Acima de todos estes exemplos está
este extraordinário extracto: “Numa primeira abordagem, a este nível as
prioridades estarão focadas nos ecossistemas que suportam e estão relacionados
com a promoção da resiliência a riscos, incentivando e apoiando a recuperação e
a requalificação ambiental e paisagística das áreas afetadas, designadamente:
(i) áreas percorridas por incêndios
rurais;
(ii) áreas sujeitas a perda de solo,
por erosão, salinização, contaminação ou impermeabilização;
(iii) solos degradados por sobre
exploração, designadamente das áreas com encabeçamentos desajustados
(iv) áreas com espécies exóticas
invasoras; e
(v) áreas de extração de inertes”.
Note-se que em lado nenhum existe
fundamentação para a identificação dos fogos como um grande problema de conservação
(o padrão de fogo que conhecemos resulta exactamente do mesmo processo de
alteração da paisagem que está na base da prodigiosa recuperação dos sistemas
naturais a que estamos a assistir), e é extraordinário que se continue a falar
de sobrepastoreio numa altura de clara perda de pressão de pastoreio (que aliás
faz parte do processo de alteração da paisagem referido) e de processos
reconhecidamente marginais, não falando já do papão da erosão numa altura em
que um dos mais graves problemas ambientais que enfrentamos é o recuo da linha
de costa pela redução de chegada de sedimentos à foz dos rios.
Não admira por isso que a estratégia
tenha uma exótica lista de prioridades de conservação de vertebrados (a estratégia
ignora olimpicamente os invertebrados, para além de uma ou outra referência à
falta de informação sobre o assunto): ““Referem-se em particular os casos das
seguintes espécies ou grupos de espécies: Lince-ibérico, Lobo-ibérico, Coelho,
Saramugo, Águia-imperial-ibérica, Águia-pesqueira, Rola-comum, espécies de aves
necrófagas, Priolo, Roaz-corvineiro, Raias e Tubarões.”.

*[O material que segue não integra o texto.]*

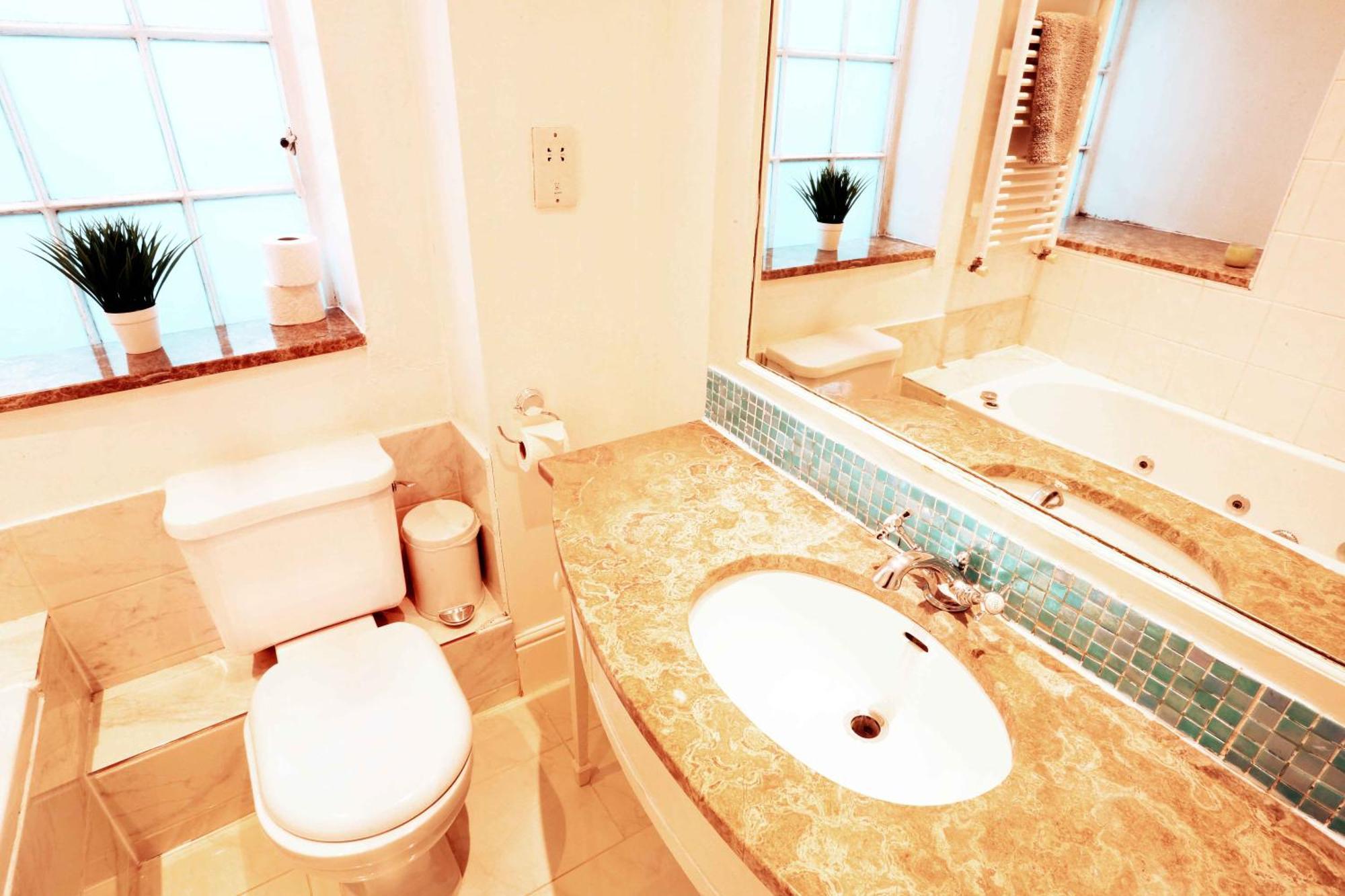 Piccadilly Circus Suites ลอนดอน ภายนอก รูปภาพ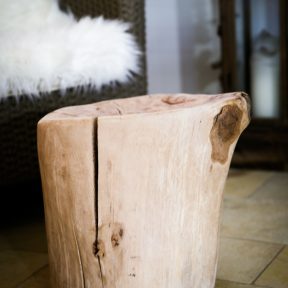 <span style="color: white"> Hocker </span><p></p><span style="color: white"> Holz: Buche </span><p></p><span style="color: white"> H x B: 35 cm x 35 cm </span><p></p>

Note-se que o lobo não está em perda
(está seguramente estável, muito provavelmente em expansão, como em toda a
Europa), que a Águia-imperial está em expansão (ou pelo menos estava até à
ultima doença do coelho), que a Águia-pesqueira não tem o menor problema de
conservação e por aí fora.
Se alguém pretende justificar o financiamento
das pessoas e organizações que predam os recursos da conservação através destas
espécies eu aconselharia um mínimo, mas um mínimo, de fundamentação, ainda que
enviesada, para justificar esta lista onde, tal como está na estratégia, se
reconhece apenas a captura do Estado pelos interesses particulares associados a
cada uma das espécies citadas, sem a menor sombra de interesse estratégico de
conservação.
Há apenas a excepção do coelho e,
eventualmente, da rola-comum e do lince (embora, neste cado, a recuperação do
lince seja um sub-produto da conservação do coelho).
E, já agora, pelo evidente escândalo
que constitui, seria inteligente retirar desta lista a Águia-pesqueira já que
por maior que seja o contorcionismo, não há qualquer hipótese de justificar a
sua inclusão sem ser pelo mero tráfico de influências.